Na sexta-feira (29/12), a divisa norte-americana chegou a ser negociada a R$ 6,114 para a venda e só deu uma recuada depois de os presidentes da Câmara, Arthur Lira (PP-AL), do Senado Federal, Rodrigo Pacheco (PSD-MG), darem declarações de que vão dar prioridade para o ajuste fiscal e deixar a reforma do Imposto de Renda para depois, e recuou para R$ 6,001 no fechamento da semana passada.
A moeda norte-americana segue em alta no pregão de hoje, cotada a pouco mais de 1%, cotada a R$ 6,064 para venda, prestes a bater novo recorde, enquanto a Bolsa de Valores de São Paulo (B3) opera no vermelho, pouco acima de 125 mil pontos.
Impacto duvidoso
Pelos cálculos de economistas, o impacto previsto das medidas do pacote anunciado por Haddad será menor do que o previsto, variando entre R$ 40 bilhões a pouco mais de R$ 50 bilhões entre 2025 e 2026.
Enquanto isso, parlamentares da Câmara dos Deputados se adiantaram e já protocolaram na Casa uma PEC mais ampla do que a proposta de Haddad.
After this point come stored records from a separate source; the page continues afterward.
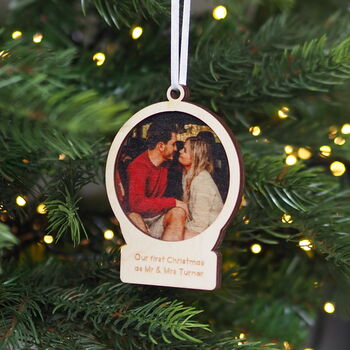 Personalised Couples Christmas Photo Bauble, 2 of 7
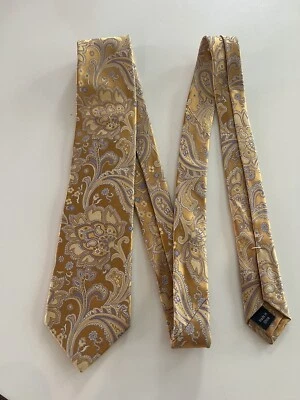 Дизайнерский мужской галстук Neiman Marcus Golden Paisley Design 100% шелк - Изображение 1 из 4
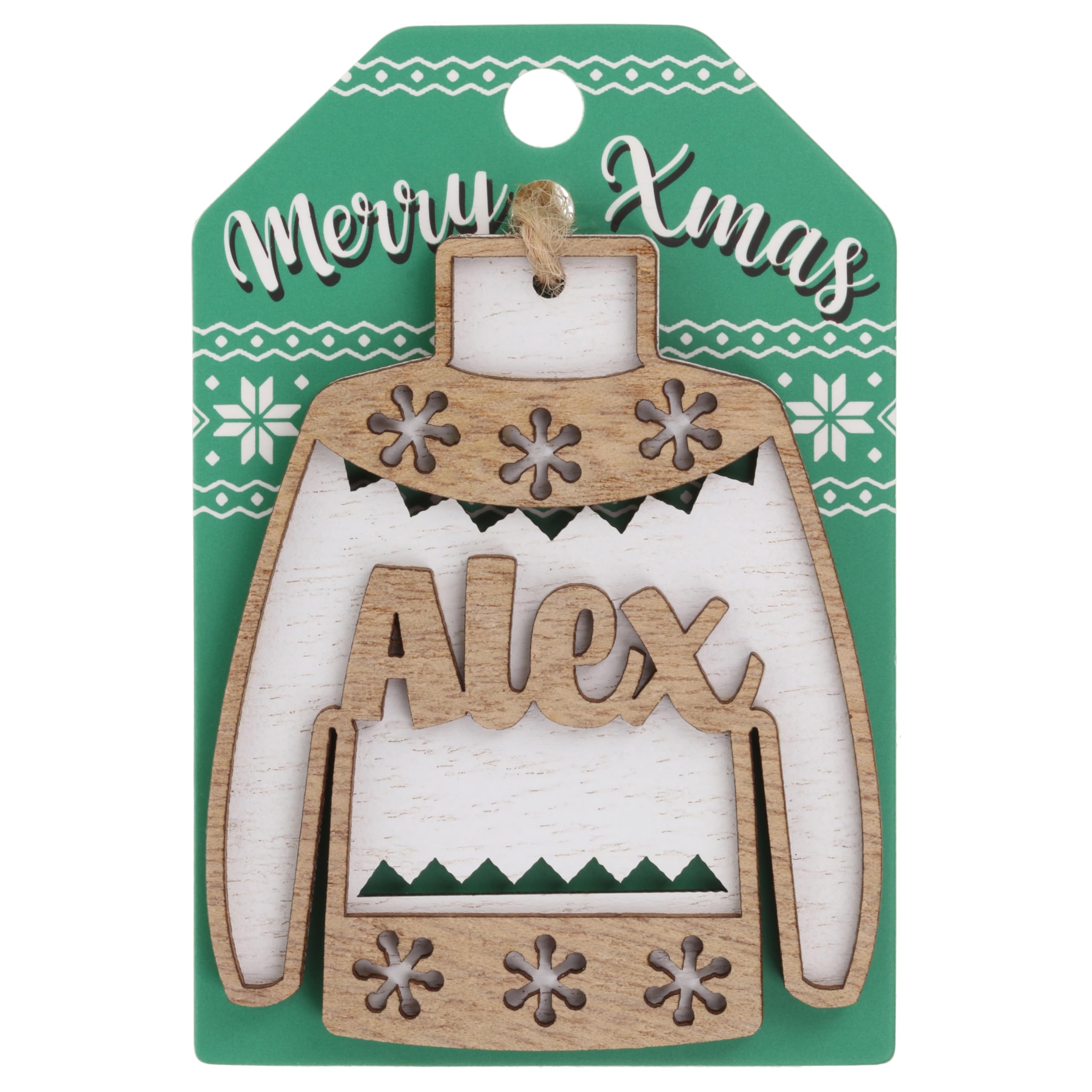 Stands Out, Supplying Outstanding Gifts Alex Name Christmas Jumper Wooden Tree Decoration Personalised Bauble Xmas White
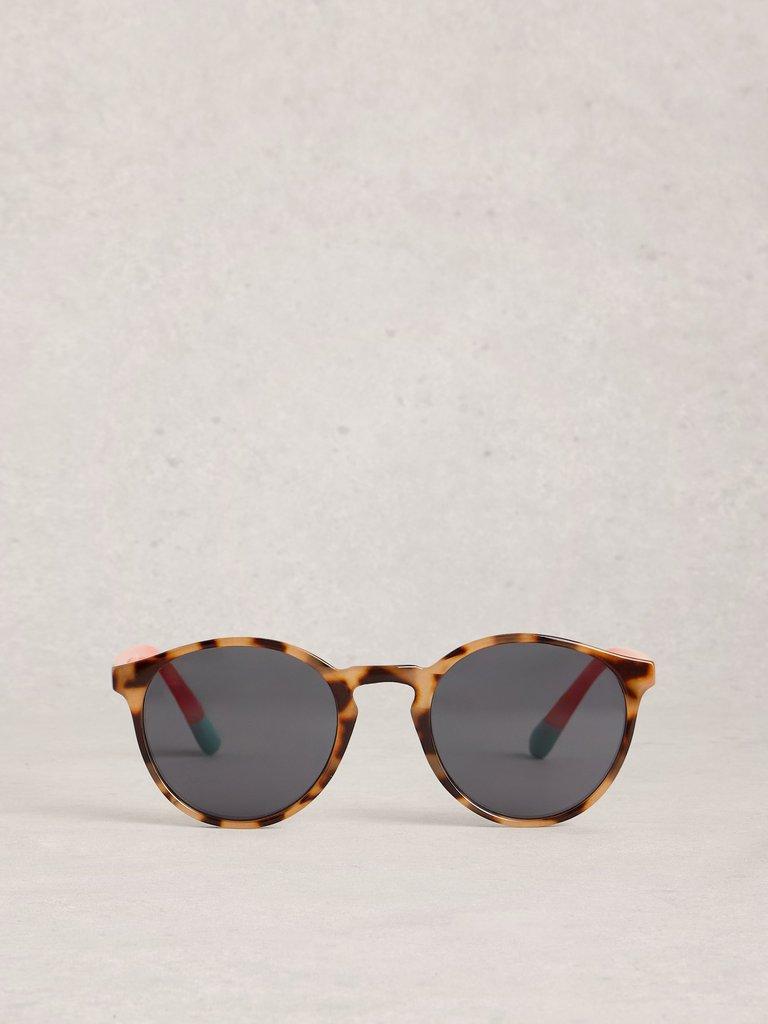 Round Preppy Sunglasses in BROWN MLT - FLAT BACK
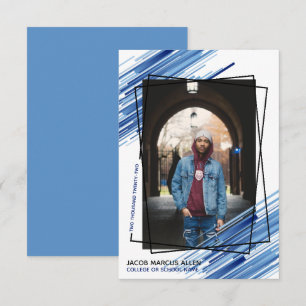 Cool Blue Abstrakt Foto Abschluss Ankündigung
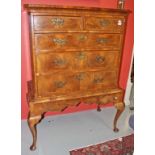 AN 18TH CENTURY WALNUT AND CROSS BANDED CHEST ON STAND,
Assinada pelos deputados Kim Kataguiri (União-SP), Júlio Lopes (PP-RJ) e Pedro Paulo (PSD-RJ), a PEC tem como objetivo promover uma “ampla revisão de regras que condicionam o crescimento das despesas públicas federais”, prevendo um impacto fiscal de R$ 69,4 bilhões, em 2026 e de R$ 1,125 bilhão no acumulado até 2031. Entre as propostas incluídas nessa PEC estão a desindexação das despesas públicas em relação ao salário mínimo e a desvinculação de despesas da Saúde e da Educação ao comportamento das receitas. Além disso, a proposta também prevê a revisão de gastos tributários, supersalários, abono salarial e previdência dos militares – com a fixação da idade mínima de 55 anos para a aposentadoria integral de benefícios, que também estão entre as promessas do pacote de Haddad.
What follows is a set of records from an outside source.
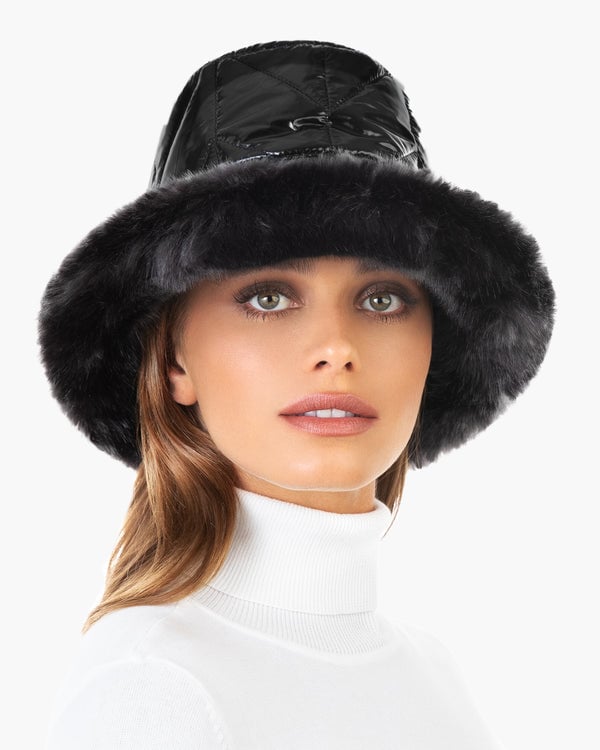 Eric Javits Invincible Winter Puffer Bucket Hat Black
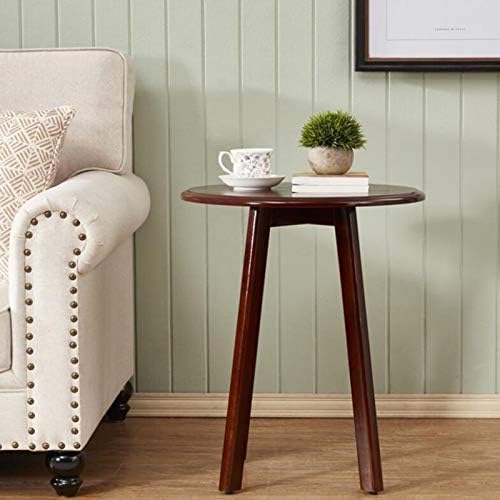 Telephone Table, Round Side Table,Sofa Coffee Table,American Wood Solid End Table,Telephone Side Table(Color:Dark Walnut,Size:23.6223.6223.62in)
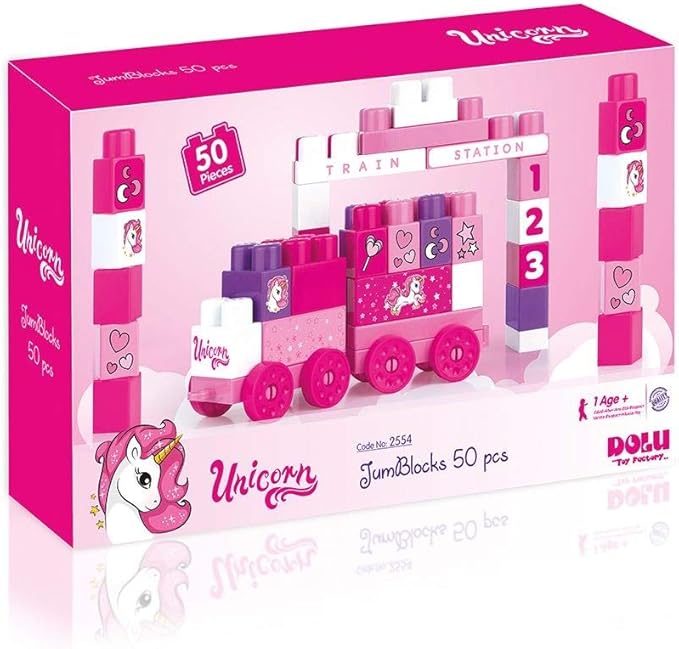 دولو مكعبات يونيكورن الكبيرة 50 قطعة المكعبات الكبيرة Dolu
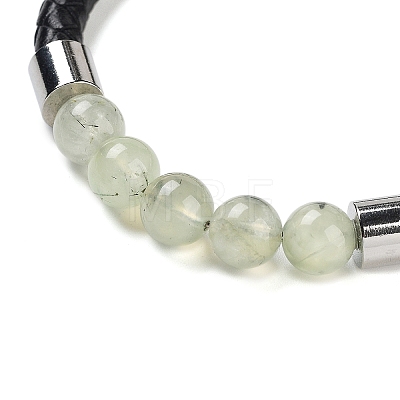 Natural Prehnite Round Round Bead Braided Leather Cord Bracelets for Men Women BJEW-A009-11P-08-1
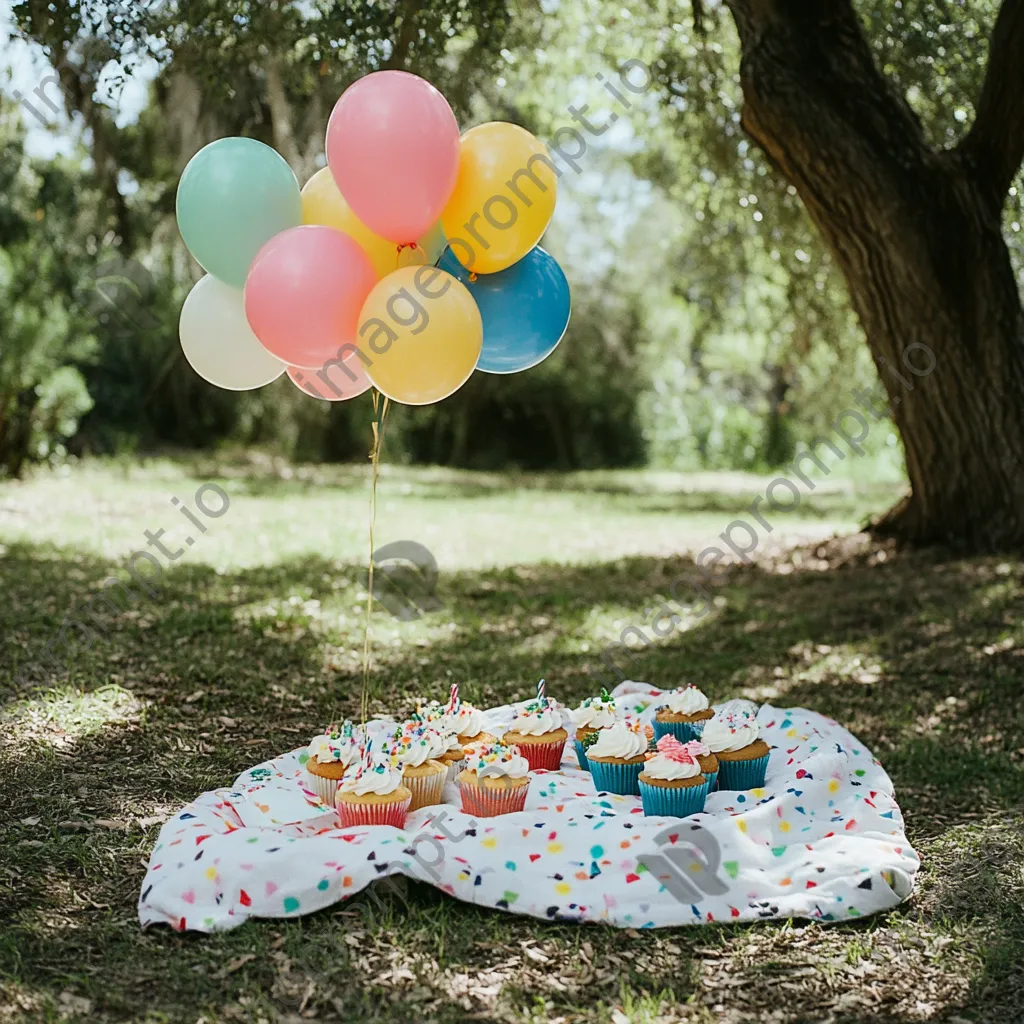 A charming birthday picnic setup with balloons and cupcakes under a tree. - Image 1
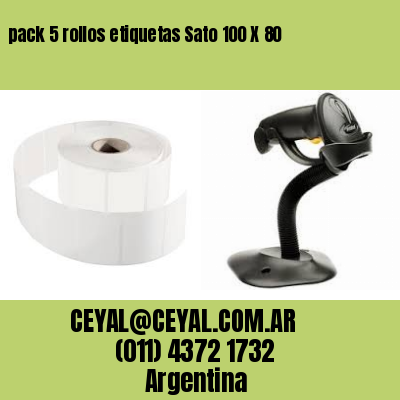 pack 5 rollos etiquetas Sato 100 X 80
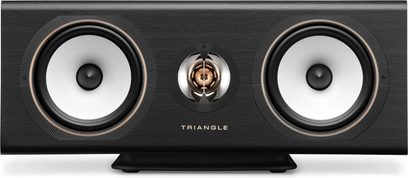 Центральна акустична система Triangle Solstice C3 чорний попелястий, передня панель із двома білими динаміками та центральним твітером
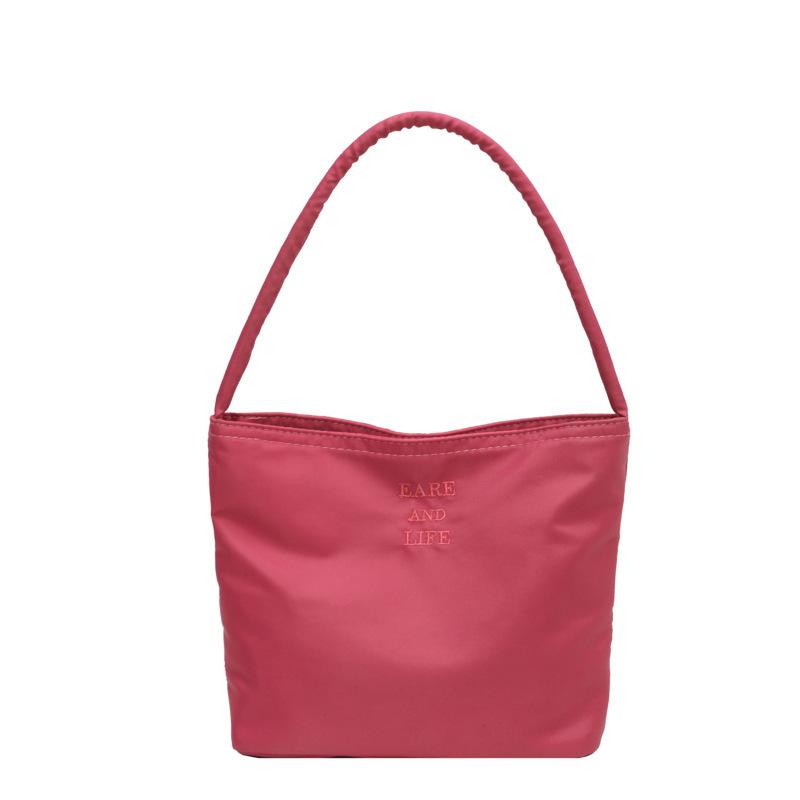 Women's Bag Handbag Summer New Embroidered Armpit Bag Versatile Commuter Shoulder Bucket Bag Nylon Bag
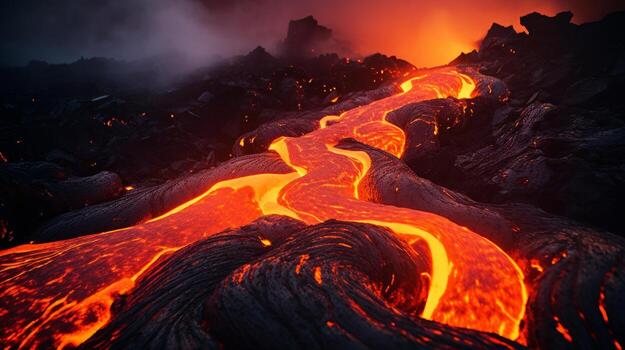 AI generated The fiery lava flowing from a volcano. Generative AI photo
O maior impacto fica por conta da desindexação de despesas da Previdência e do BPC, de R$ 486 bilhões. Em segundo, a desvinculação dos pisos de Saúde e de Educação e a complementação do Fundeb está estimado em R$ 323 bilhões pelos parlamentares.
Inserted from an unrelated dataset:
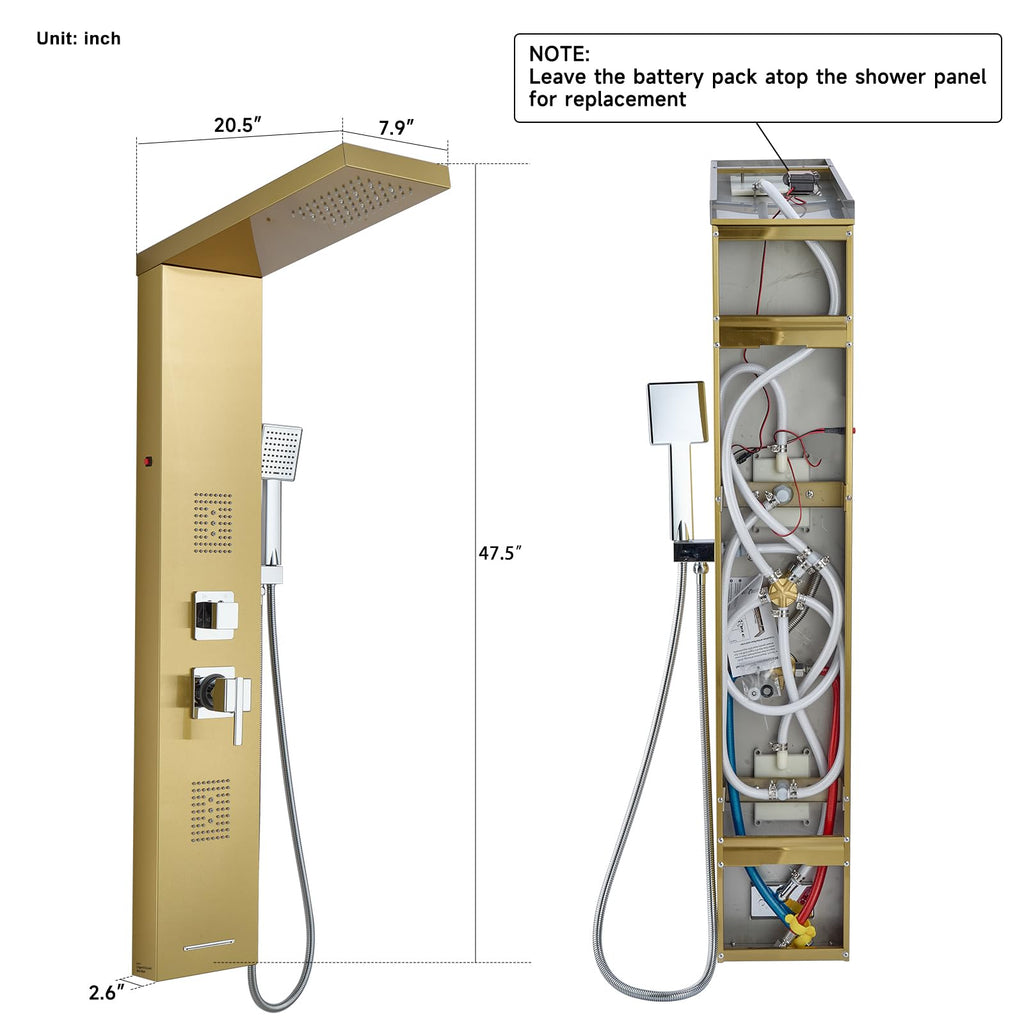 5-in-1 LED Shower Panel Tower System Stainless Steel Gold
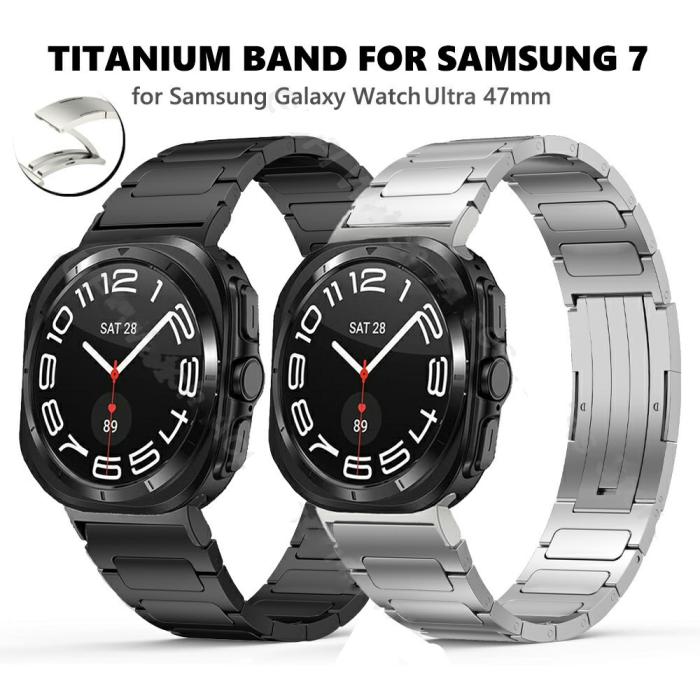 Bild 2,  Galaxy Watch Ultra (2025) / 47 mm Armband Steel Titanium Svart - Teknikhallen.se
De acordo com o texto da PEC dos deputados da oposição, o efeito da indexação, de fato, “é o agravamento do desequilíbrio das contas públicas, o que se torna ainda mais crítico em um cenário de transição demográfica, como ocorre no Brasil atual”. Ela cita dados do Instituto Brasileiro de Geografia e Estatística (IBGE) que a proporção de idosos na população brasileira já saltou de 8,7% (15,2 milhões), em 2000, para 15,6% (33 milhões) em 2023. “Em 2070, essa proporção deverá alcançar 37,8% (75,3 milhões) dos habitantes do País, o que certamente impactará os benefícios previdenciários e assistenciais”, informou o documento.